Moderator J&H Licht en Geluid Forums

----------


## -Aart-

Ik heb ook wel eens op het punt gestaan om er mee te "stoppen", en heb dat toen soms ook lekker een weekje gedaan.  :Smile:  daar is niets mis mee, en de topic's waar ik mij aan ergerde zijn dan gewoon "weggezakt" meestal... Probleem opgelost, er zijn dan altijd toch wel weer een paar leuke dingen om aan bij te dragen.

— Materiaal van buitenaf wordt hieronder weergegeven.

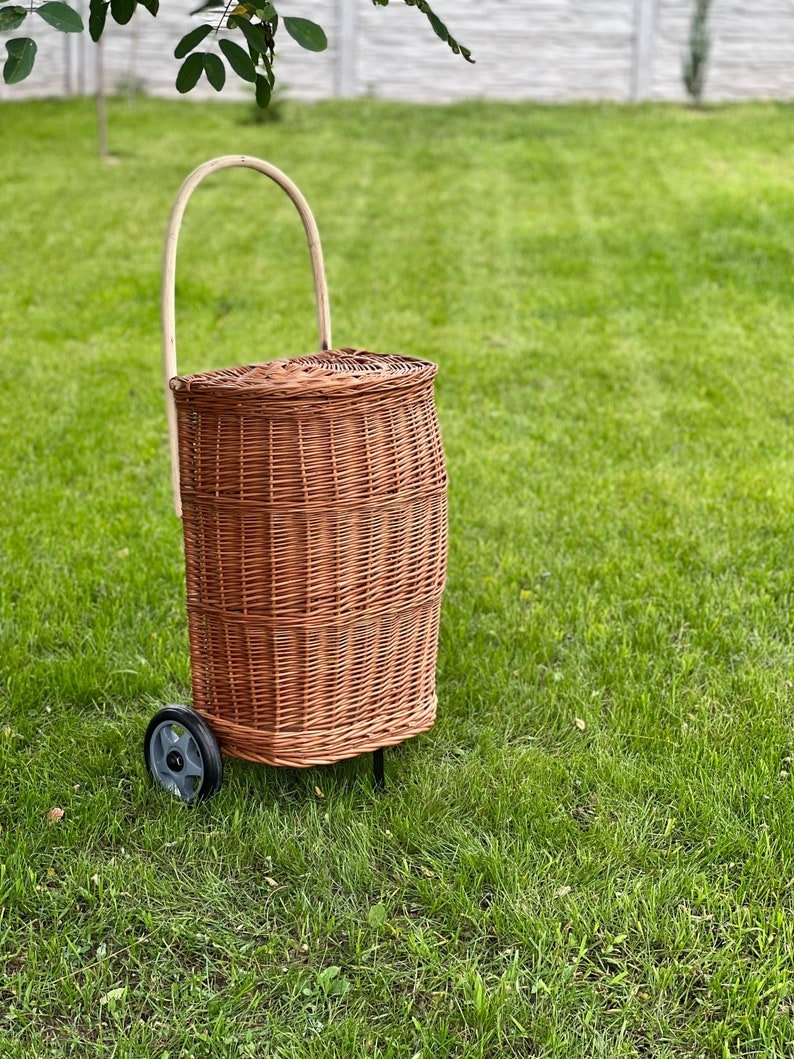 shopping Trolley basket wicker, handmade shopping trolley basket, ecological wheels wicker natural basket, storage,gif basket for her him image 1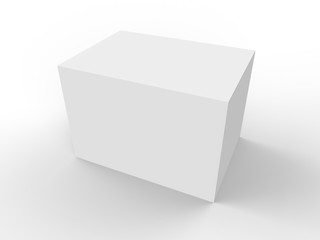 White Blank Product Package Box. Realistic 3D Mock up design. Container, Packaging Template on white background.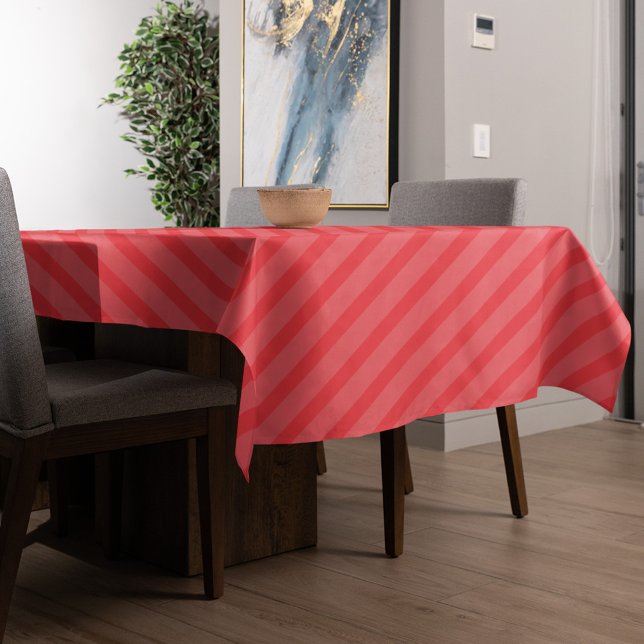 Roter Streifen Einfache Weihnachtsdekoration Tischdecke (Simple holiday red striped tablecloth)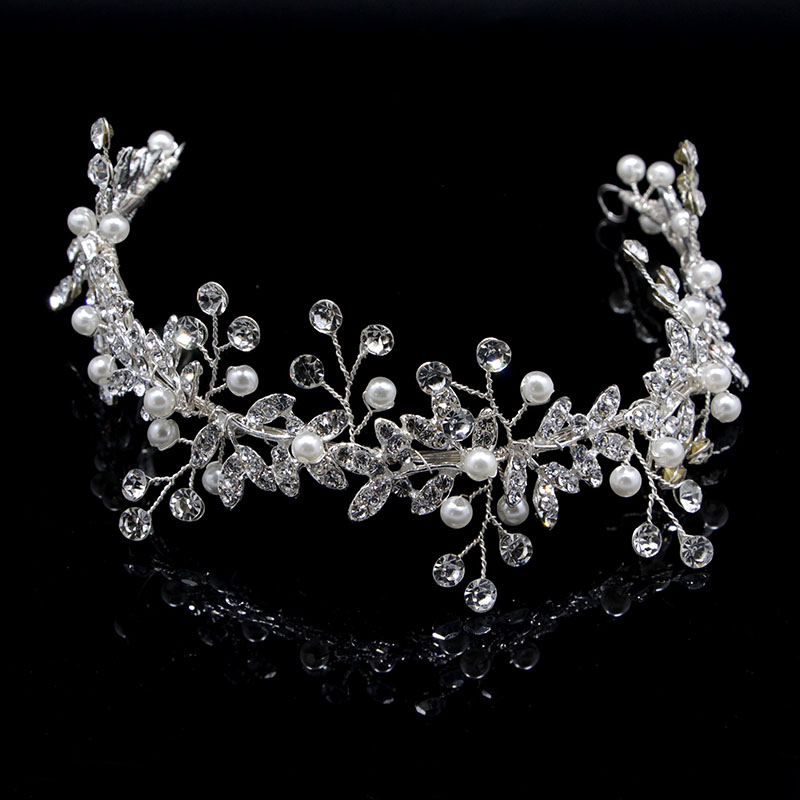 Acessórios de Cabelo Moda Nova Artesanal Cristal Strass Casamento Cabeça Banda Nupcial Headpieces Butt666 7 Moda nova artesanal cristal strass casamento cabeça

Ik ben het niet altijd eens met hoe er gemodereerd wordt op het forum, als iemand overduidelijk een kapotte eindtrap heeft maar hij denkt zelf dat hetz'n trafo is en we vertellen hem dat netjes en duidelijk vind ik dat geen onzin. Te meer daar het erg gemakkelijk even te testen is, als iemand het niet wil geloven en dus niet wil testen ... tsja, jammer dan, maar geen reden om die reacties weg te halen wmbt.

----------


## DeMennooos

Heb regelmatig wel eens een "Het wordt weer een kinderklas dipje"
maar altijd is er een moment dat er wel mensen serieus op een post reageren, de kleuters weer hard aan het werk moeten en af taaien.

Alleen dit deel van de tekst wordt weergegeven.